Blogs > Your Money

Dave Patterson and Erin Preston, a father-daughter team of Certified Financial Planner® licensees, provide thoughts and suggestions on a broad collection of personal finance topics.  Information provided in this BLOG is intended to be of a general nature and may not be appropriate for all situations.  Readers should consult with their own financial advisors before relying on any information contained herein.

Thursday, November 11, 2010

More Words of Wisdom from “Anonymous”

Our last “Words of Wisdom” blog was attributed to that unknown person “anonymous”. Today’s quote from anonymous is “a rising tide raises all ships”. We suspect that most investors are feeling a bit better now about their investments with the market’s recent rally. At the time of this writing, the Dow Jones Industrial Average is up 11.89% for the year.

Some are probably patting themselves on the back for their good judgment and investing prowess. “Anonymous” says, however, that we should not get too overconfident about our investment skills, for everyone’s portfolio has risen along with the market. Nevertheless, you can at least take credit for being “in the market”. If you remained in the market throughout the last two-year crisis, you are to be commended.

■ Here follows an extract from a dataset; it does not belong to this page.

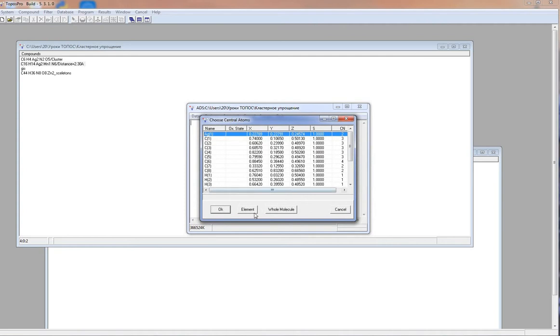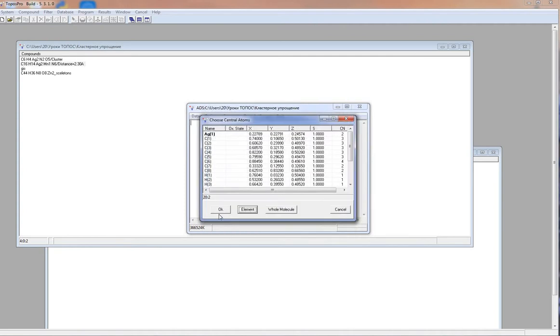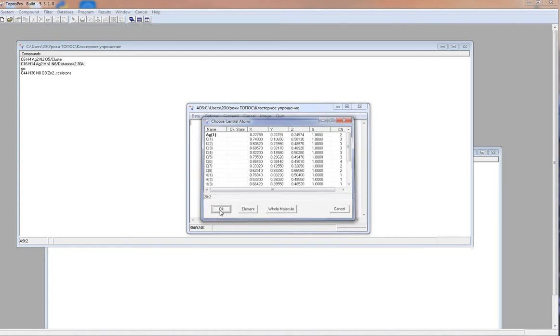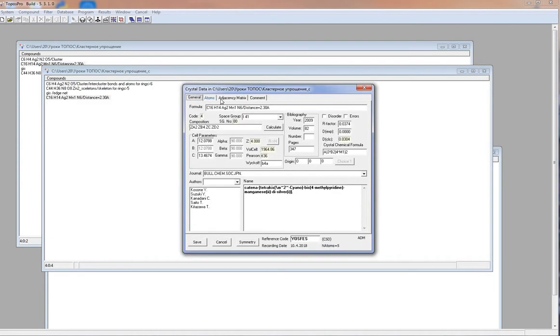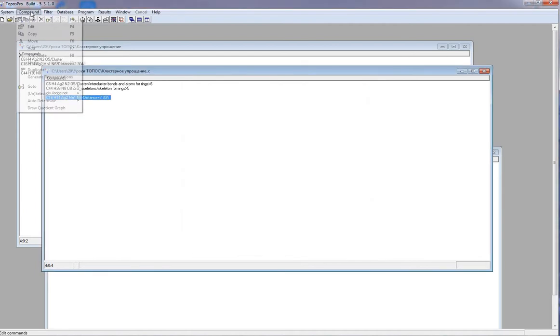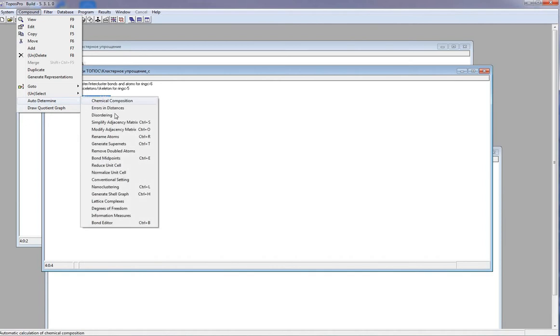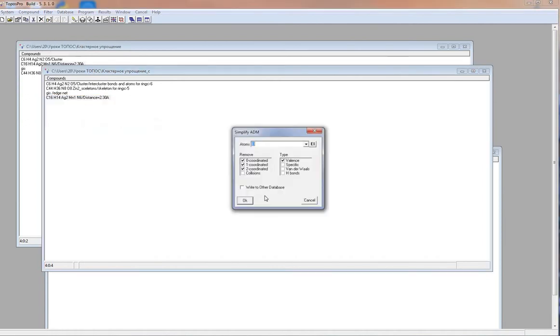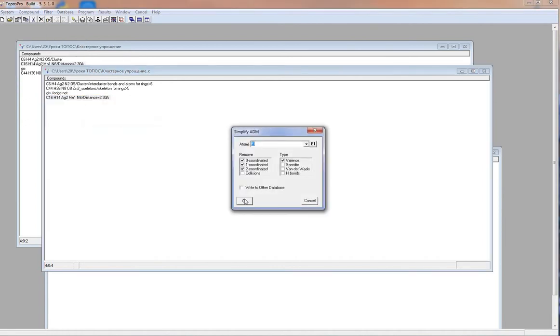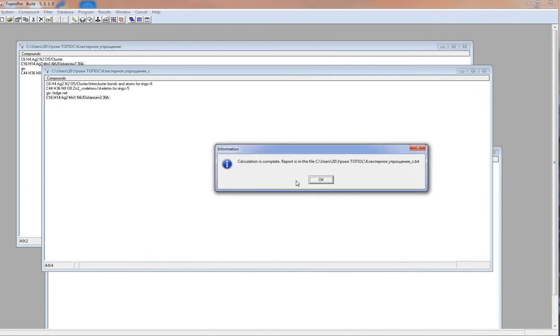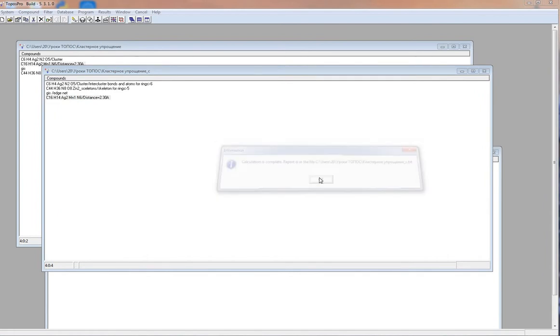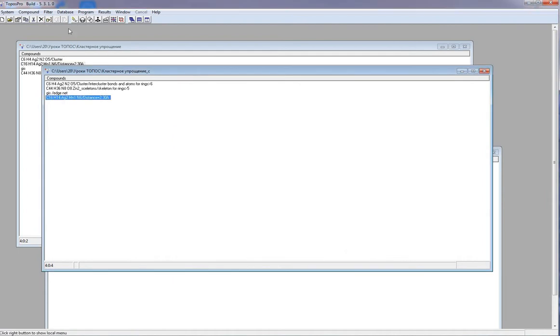Since it is metal complexes, as central atoms, I should choose metal atoms. We have 5 different nodes. But we should delete all 0, 1 and 2 coordinated nodes. So I open compound, auto-determine, simplified adjacency metrics, remove all 0, 1 and 2 coordinated nodes. Now we have only 4 coordinated nodes. We can look at the structure.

We often talk about the “typical investor” who buys high and sells low. They follow the crowd, buying the latest hot assets and then panic and sell when the market crashes. They need to do just the opposite. Even if you stayed in the market, you may have some of the bad characteristics of our typical investor.

So what should you do now? You might want to take a look at your portfolio and trim your winners back to your target allocations, if you have target allocations. If you don’t have target allocations for the various asset classes in your portfolio, you might want to spend some time establishing targets. If you’re not sure how to do this, we recommend you seek professional help.

If you stayed in the market but are not broadly diversified, you should consider diversifying your portfolio as soon as possible. Again, we suggest you seek professional help if you don’t know how to do this.

If you pulled everything out of the market and are still sitting on the sidelines, we really recommend that you seek professional help. You need to establish a broadly diversified portfolio tuned to your individual risk tolerance so that you can avoid panicking the next time there is a serious market crash.

If we assume your risk tolerance is low, you may need to dollar-cost average back into the market in order to sleep at night. If you are a long-term investor, however, and have confidence that over the long run the market will rise, putting your entire portfolio back into the market now is the best approach. (This assumes you have an adequate emergency fund and funds needed for short-term goals are invested more conservatively.)

Whatever your situation, don’t get overconfident just because the market has risen nicely in the last few months.